Can a family live happily in a home that’s almost an art gallery too? If you weave in plenty of colour, warmth and inspiring ideas, why not?
A Thirties house in southwest London, around 2,500 sq ft, arranged over three floors. On the ground floor is a living room, kitchen-diner, garden room, TV room and office. Upstairs on the first floor is the master bedroom suite, including a walk-in wardrobe, plus two bedrooms and a shower room. On the top floor are two further bedrooms and a bathroom.
The interiors take their cue from the aesthetics of contemporary Australian minimalism and their trademark inside-out feel.
Thanks to underfloor heating and thermal glass, this modern garden room is toasty even in the middle of winter.
What makes this house so special is its carefree love for colour. Like the seamless way the interiors are used as a backdrop for an overflowing art collection.
Above the sofa is an eclectic group of pictures, including postcards by artists such as Billy Childish, from the Royal College of Art’s Secret sale. The pouffe and sofa work brilliantly together, but that’s luck as they were bought four or five years apart.
The copper box was a sterilising box for dental tools found in an antiques shop on the Isle of Wight. It was a lucky find and it fitted on that bookshelf perfectly.
The sitting room is restful and relaxing, with a log burner and paired-back, Scandi feel.
Some works of art were pivotal as starting points for the décor. The blue-green ceramics in the kitchen are by potter Derek Wilson and were given to the architect of this property, so that the Corian work surface could be colour-matched.
More hand-thrown pots were commissioned for a display in the kitchen.
Hanging plants against the wall add to the relaxed, neutral scheme.
There are quirky touches everywhere, like the roll of paper with a ‘quote of the week’ for children to mull over – like quotes from the Dalai Lama or Muhammad Ali.

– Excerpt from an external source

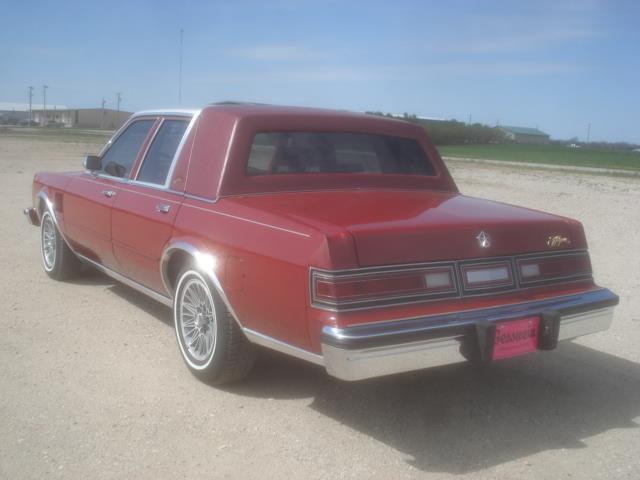 1986 Chrysler Fifth Avenue (CC-977629) for sale in Milbank, South Dakota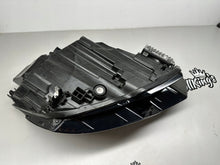 Load image into Gallery viewer, Frontscheinwerfer Audi A6 C8 4K0941033 LED Links Scheinwerfer Headlight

Handy for subliminally teaching kids about values.
The paintings created using Post-it notes are by Katie Lips.
The roller blinds in the boy’s room (one an Aussie flag and the other a British one) express his dual nationality.
The bedroom scheme was designed around a photograph that could only fit in one place in the house, which was above the bed.
The floral blinds might have felt a bit granny-ish, a bit insipid at first, if it wasn’t for the cushions – which are the same fabric but in a different colourway – giving them more punch.
Suspended just behind the bath is a verre églomisé (or gilded glass) mirror; attached on the other side is a functional mirror over a basin unit and a cupboard for all your gubbins.